[[ Input data, beginning ]]

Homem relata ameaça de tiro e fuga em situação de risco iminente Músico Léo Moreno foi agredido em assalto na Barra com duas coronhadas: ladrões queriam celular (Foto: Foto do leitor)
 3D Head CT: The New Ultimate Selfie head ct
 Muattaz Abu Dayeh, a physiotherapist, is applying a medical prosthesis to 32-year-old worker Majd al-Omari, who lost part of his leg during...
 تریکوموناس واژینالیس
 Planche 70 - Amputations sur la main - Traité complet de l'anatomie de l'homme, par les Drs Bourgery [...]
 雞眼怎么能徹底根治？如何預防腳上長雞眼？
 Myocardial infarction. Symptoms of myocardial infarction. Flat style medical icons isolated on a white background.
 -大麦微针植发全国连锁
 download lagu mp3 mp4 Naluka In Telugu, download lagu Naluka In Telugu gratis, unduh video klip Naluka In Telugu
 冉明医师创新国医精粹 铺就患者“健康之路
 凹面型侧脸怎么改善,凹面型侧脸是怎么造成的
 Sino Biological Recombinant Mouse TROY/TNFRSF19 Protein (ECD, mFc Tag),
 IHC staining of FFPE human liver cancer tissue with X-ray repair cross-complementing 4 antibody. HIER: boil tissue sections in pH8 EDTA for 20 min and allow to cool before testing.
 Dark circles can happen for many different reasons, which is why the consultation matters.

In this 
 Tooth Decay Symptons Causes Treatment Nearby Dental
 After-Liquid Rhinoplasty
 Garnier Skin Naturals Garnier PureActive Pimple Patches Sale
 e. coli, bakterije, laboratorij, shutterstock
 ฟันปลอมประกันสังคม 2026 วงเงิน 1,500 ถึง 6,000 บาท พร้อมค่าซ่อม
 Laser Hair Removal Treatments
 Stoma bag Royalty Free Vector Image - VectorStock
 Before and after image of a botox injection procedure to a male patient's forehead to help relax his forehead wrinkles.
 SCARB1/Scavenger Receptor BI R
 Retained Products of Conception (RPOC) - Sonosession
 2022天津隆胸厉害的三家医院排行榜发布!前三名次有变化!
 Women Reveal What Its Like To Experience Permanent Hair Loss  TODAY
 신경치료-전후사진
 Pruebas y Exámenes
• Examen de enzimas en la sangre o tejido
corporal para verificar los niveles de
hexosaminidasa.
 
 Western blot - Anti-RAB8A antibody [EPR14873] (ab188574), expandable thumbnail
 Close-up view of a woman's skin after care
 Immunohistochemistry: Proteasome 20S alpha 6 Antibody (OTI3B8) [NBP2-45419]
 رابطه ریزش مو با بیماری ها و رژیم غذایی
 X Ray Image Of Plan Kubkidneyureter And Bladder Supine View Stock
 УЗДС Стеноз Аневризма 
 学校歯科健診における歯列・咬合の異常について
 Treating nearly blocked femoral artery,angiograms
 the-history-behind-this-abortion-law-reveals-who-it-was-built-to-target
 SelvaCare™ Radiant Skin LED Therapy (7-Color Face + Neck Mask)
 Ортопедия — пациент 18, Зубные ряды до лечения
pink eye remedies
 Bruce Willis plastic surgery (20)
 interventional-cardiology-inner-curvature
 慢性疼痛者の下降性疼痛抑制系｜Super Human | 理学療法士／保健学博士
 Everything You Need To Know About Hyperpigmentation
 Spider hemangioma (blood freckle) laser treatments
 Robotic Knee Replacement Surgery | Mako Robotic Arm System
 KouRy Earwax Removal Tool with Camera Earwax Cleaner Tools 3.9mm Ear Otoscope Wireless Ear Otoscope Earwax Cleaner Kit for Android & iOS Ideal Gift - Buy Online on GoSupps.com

[[ Input data, end ]]

Number of lines above containing the word "with": state it and add nothing else.

*Response box*
2